At the time of the 6-month recheck evaluation, the dog had been weaned off all cardiac medications and was clinically well. Salient features detected during cardiologic examination were a grade 3/6 left apical systolic heart murmur and an irregular rhythm with a pulse rate of 120 beats/min with no evident pulse deficits. Echocardiography revealed mild residual left-to-right shunting through the AVSD at the ventral aspect of the polytetrafuoroethylene patch; this degree of shunting was considered to be hemodynamically unimportant. The anterior mitral valve leaflet appeared thickened with tethering to the interventricular septum, which was responsible for moderate mitral valve regurgitation. A 6-lead ECG recording was obtained at this time (Figure 1).

Figure 1—
Figure 1—

Six-lead ECG recording obtained during a recheck evaluation of a dog with a previous history of partial atrioventricular septal defect and cleft mitral valve repair. Notice the positive deflections corresponding to atrial depolarization at a rate of 400 beats/min. These deflections do not have the characteristic features of F waves associated with typical atrial flutter. There is a variable degree of atrioventricular conduction resulting in 2:1 to 5:1 second-degree atrioventricular block. The QRS complexes have right bundle branch block morphology. On the basis of the ECG findings and the dog's history, it is likely that this atypical atrial flutter can be further characterized as incisional atrial reentrant tachycardia. Paper speed = 50 mm/s; 1 cm = 1 mV.
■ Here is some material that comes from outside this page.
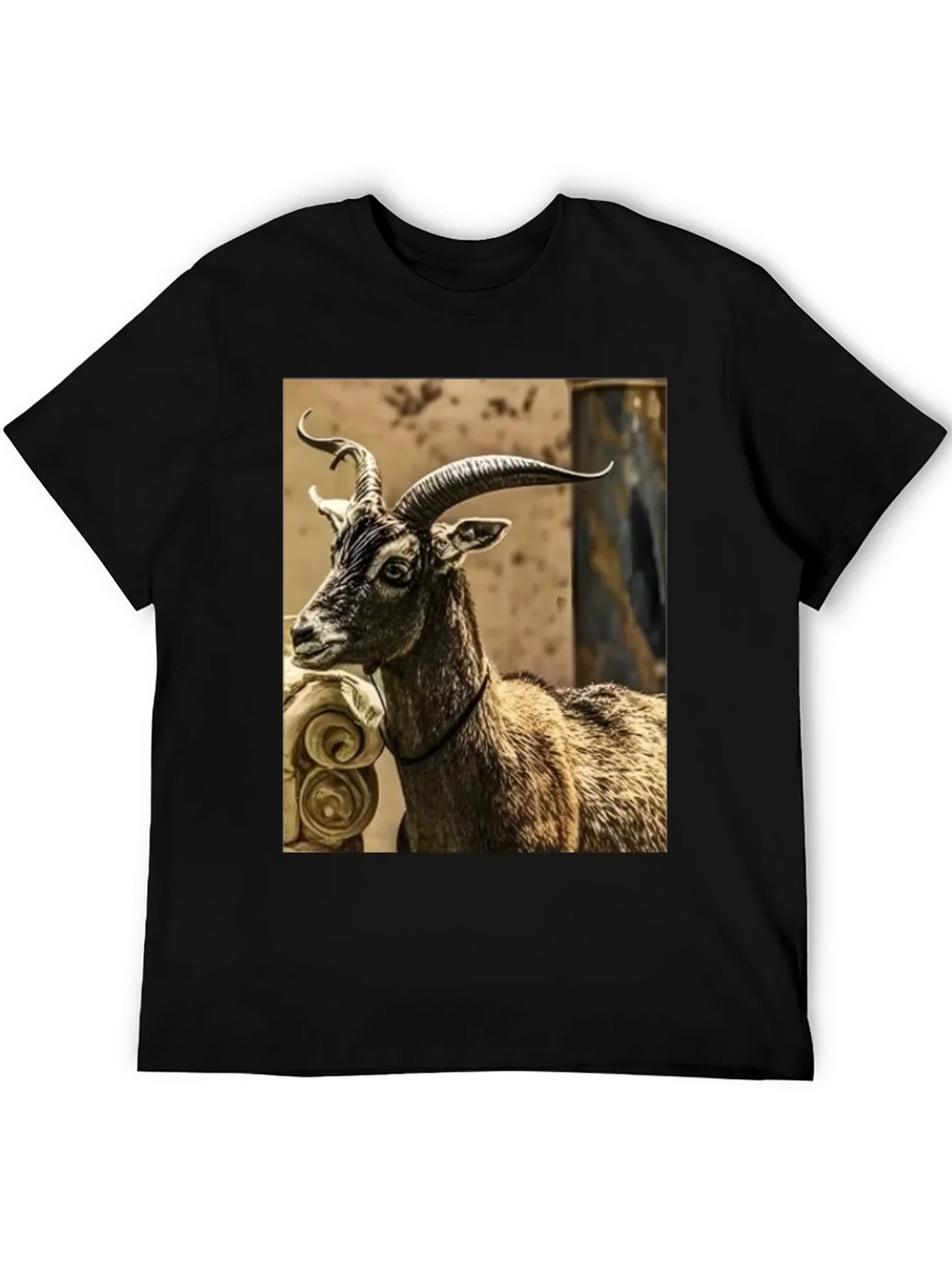 Majestic Goat Graphic Tee - Stylish Animal Print Shirt product image 3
Citation: Journal of the American Veterinary Medical Association 256, 3; 10.2460/javma.256.3.306

ECG Interpretation

Electrocardiography (Figure 1) revealed an irregularly irregular rhythm with a calculated mean heart rate of 120 beats/min over the course of the ECG tracing. There were positive deflections in the inferior leads corresponding to atrial depolarization that occurred at a regular interval with an atrial rate of 400 beats/min. These deflections were not consistent with the sawtooth appearance of F waves in typical atrial flutter (AFL). Given the rapid rate of depolarization, these were considered to be F waves moving with clockwise depolarization. The F waves were often embedded within T waves. There was a variable degree of atrioventricular (AV) conduction evident that ranged from 2:1 to 5:1 second-degree AV block. In addition, there was variable AV nodal conduction velocity as evidenced by the changing duration of PR intervals. The QRS complexes were wide (duration, 0.1 seconds) with negative deflections in leads II, III, and aVF, suggestive of right bundle branch block. The rhythm diagnosis was macroreentrant supraventricular tachycardia, consistent with atypical AFL, with physiologic AV block and right bundle branch block. On the basis of the dog's history of AVSD repair, the authors suspected that the AFL could be further characterized as an incisional atrial reentrant tachycardia (IART).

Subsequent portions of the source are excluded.